◆ Supplied data ◆
####
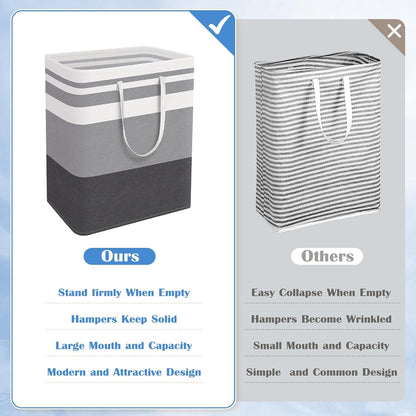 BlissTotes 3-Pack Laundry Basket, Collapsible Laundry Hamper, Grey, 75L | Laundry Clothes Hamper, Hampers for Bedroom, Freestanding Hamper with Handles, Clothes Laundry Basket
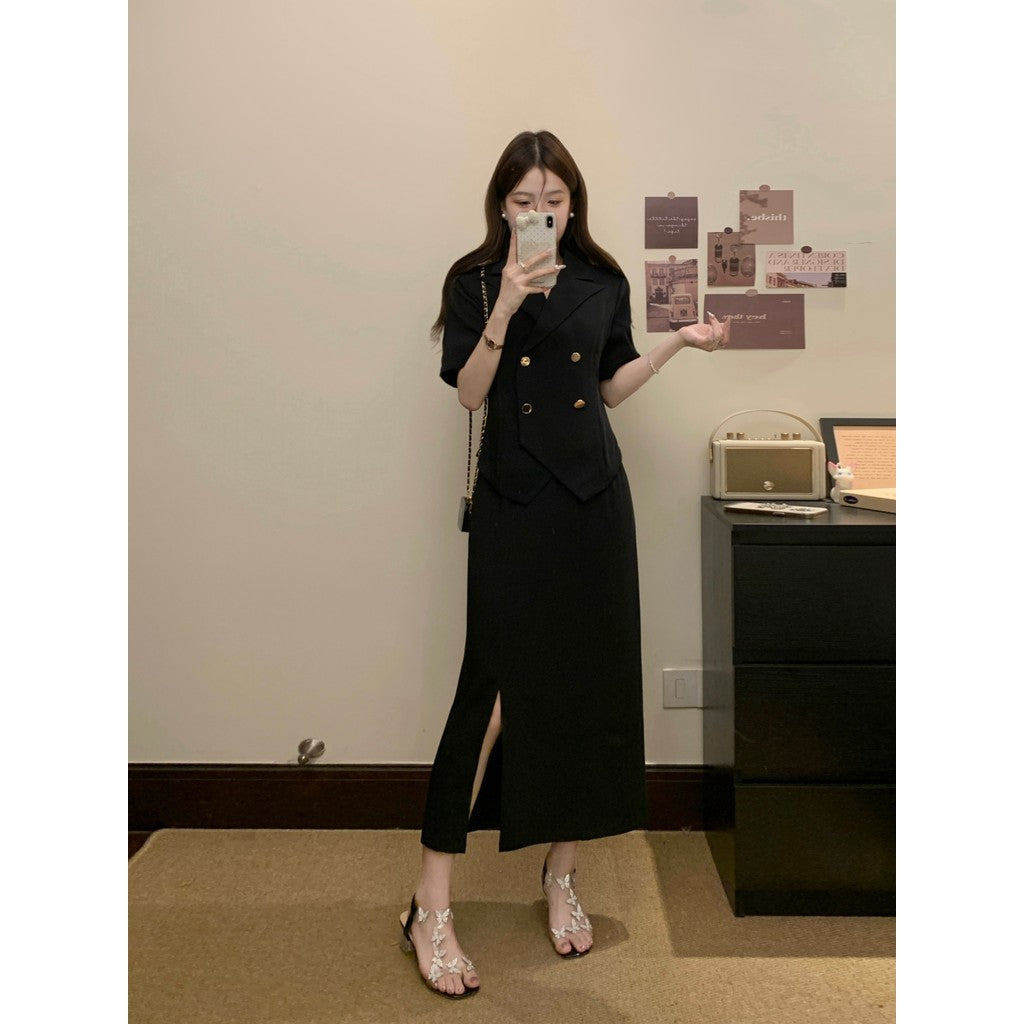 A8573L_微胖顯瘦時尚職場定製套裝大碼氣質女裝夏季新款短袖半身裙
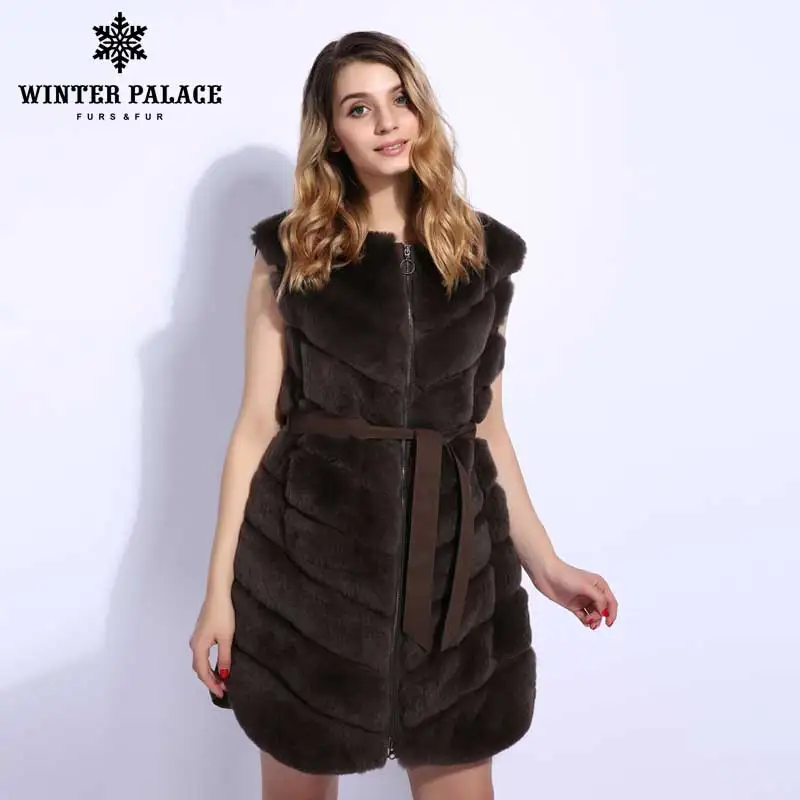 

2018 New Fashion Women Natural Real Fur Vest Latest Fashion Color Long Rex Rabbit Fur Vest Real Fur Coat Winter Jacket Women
####
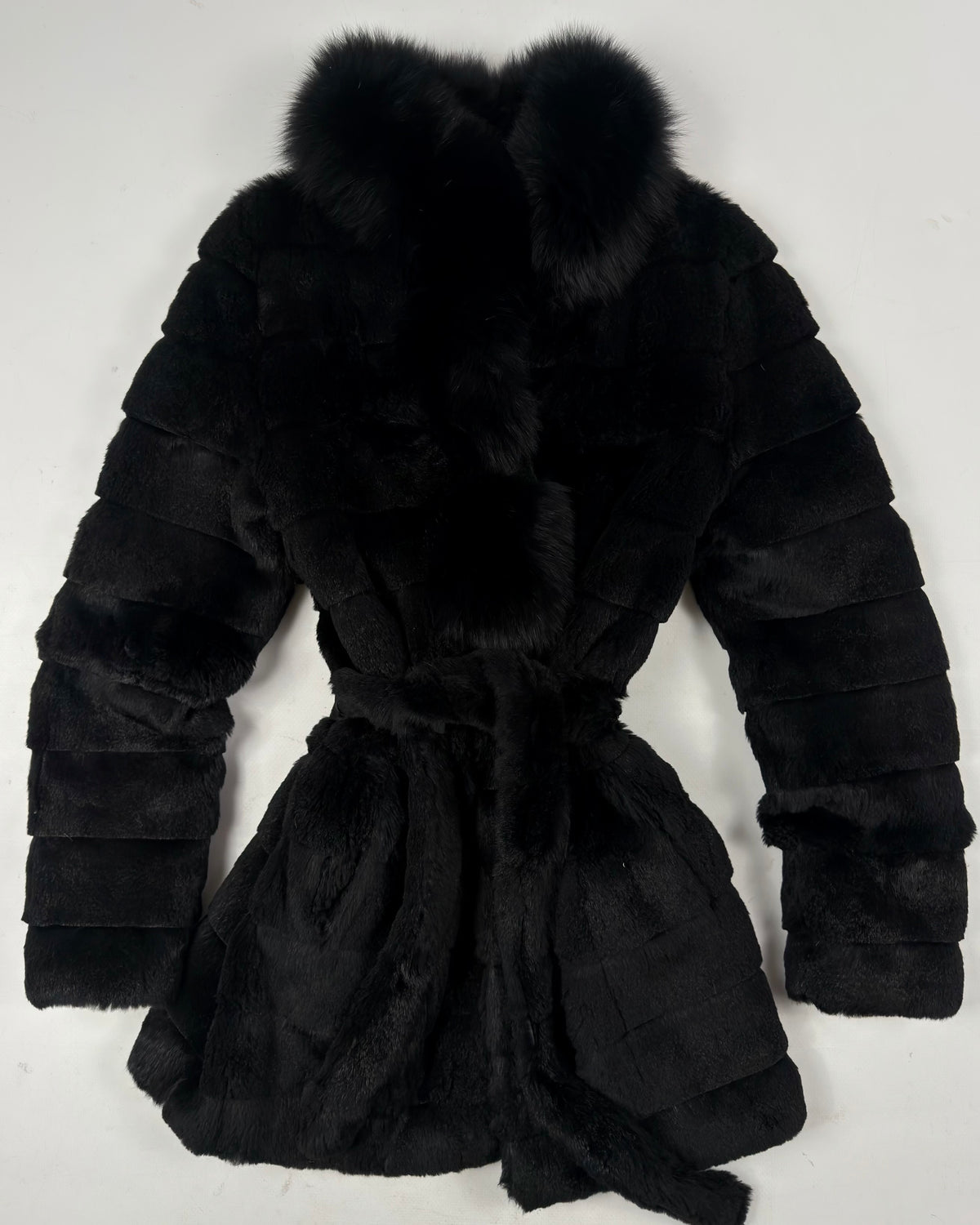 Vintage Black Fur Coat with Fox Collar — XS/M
####
◆ Work order ◆
The line holding "BlissTotes 3-Pack Laundry" starts the copy and the line holding "2018 New Fashion" ends it. Repeat those two lines above and all between them exactly, leaving out pictures.

◆ Response to this exercise ◆
 BlissTotes 3-Pack Laundry Basket, Collapsible Laundry Hamper, Grey, 75L | Laundry Clothes Hamper, Hampers for Bedroom, Freestanding Hamper with Handles, Clothes Laundry Basket
 A8573L_微胖顯瘦時尚職場定製套裝大碼氣質女裝夏季新款短袖半身裙

2018 New Fashion Women Natural Real Fur Vest Latest Fashion Color Long Rex Rabbit Fur Vest Real Fur Coat Winter Jacket Women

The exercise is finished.